Top 10 films of 2010

By Daily Californian Arts Staff

127 HOURS (dir. Danny Boyle)

How do you make a film about a guy who was trapped beneath a boulder for five days? Those who are familiar with “Slumdog Millionaire” know that director Danny Boyle doesn’t hold anything back in his films. That same frenetic, impossibly energetic style takes hold in this telling of real-life adventurer Aron Ralston’s ordeal. “127 Hours” puts viewers right in the cave with Ralston, who eventually freed himself by cutting off his arm with a cheap Swiss Army knife. Boyle depicts that part in graphic detail, complete with the sound of cannon fire to correspond with the snapping of bones. While the film is sometimes tough to watch, and rightly critical of Ralston’s reckless behavior, it is ultimately a story of triumph.

I had a chance to speak to Ralston after the “127 Hours” screening at the Telluride Film Festival in September. When I asked Ralston what adventure he was planning on taking next, he smiled and told me that he was going to climb one of the nearby 11,000-foot mountain peaks – this time, with a buddy. Like Danny Boyle’s direction, Ralston can’t help but keep sprinting forward.

-Max Siegel

THE GHOST WRITER (dir. Roman Polanski)

Roman Polanski is a natural at dealing with the inner depths and realization of paranoia. The feeling that,no matter what one does, any attempts to escape the inevitable will only prove futile is a staple in the political thriller genre. But for Polanski, it’s become a sort of obsession, so it’s no wonder that “The Ghost Writer” marks a return to form for the aging director, as well as one of the best films of the year.
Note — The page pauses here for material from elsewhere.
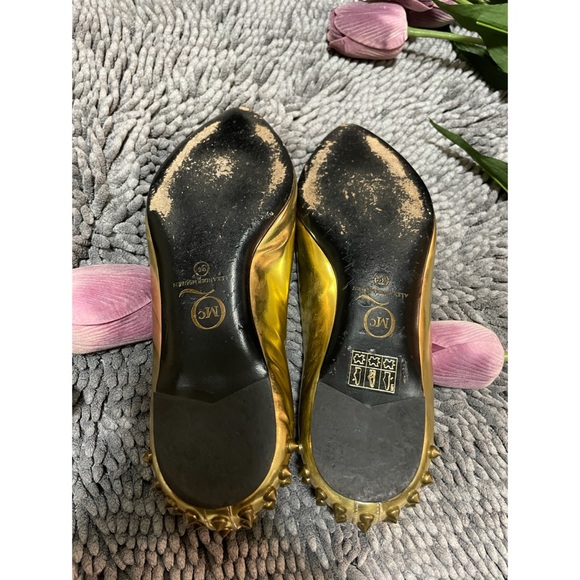 Alexander McQueen Metallic Gold Studded Flats - Picture 8 of 12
At a time when he seems to be gaining greater attention for his house arrest and possible extradition to the U.S., Polanski still approaches his latest effort with the skills of a master who knows the key elements of a great thriller. Mood and tone are the keys for Polanski to access a fairly rudimentary story and turn it into an unnerving journey into substantiated fear.

It’s always a pleasure to see filmmakers do what they know how to do best. Although some may deride him for his personal ordeals, “The Ghost Writer” comes across as a response to all those who would rather focus on Polanski’s darker personal life by illuminating an artist who still has a few tricks left.

-Jawad Qadir

I AM LOVE (dir. Luca Guadagnino)

A Shakespearean family tragedy, a sumptuous visual feast and a whole lot of Tilda Swinton’s face – Luca Guadagnino’s “I Am Love” is many, many things. Like a Thanksgiving meal, the film’s offering of sensual and sensory overload – from the Baroque architecture of Milan to John Adams’ classical score that never stops swelling – will leave you overwhelmed and exhilarated. Tilda Swinton, also known as god, plays the lead (perhaps title) role of Emma Recchi, a Russian emigre and the matriarch of an Italian high society family. But Emma, swept off her feet by a really hot chef and his orgasmic prawns, deigns to leave her dynasty in exchange for a life of headboard-pounding-ly good sex – and love.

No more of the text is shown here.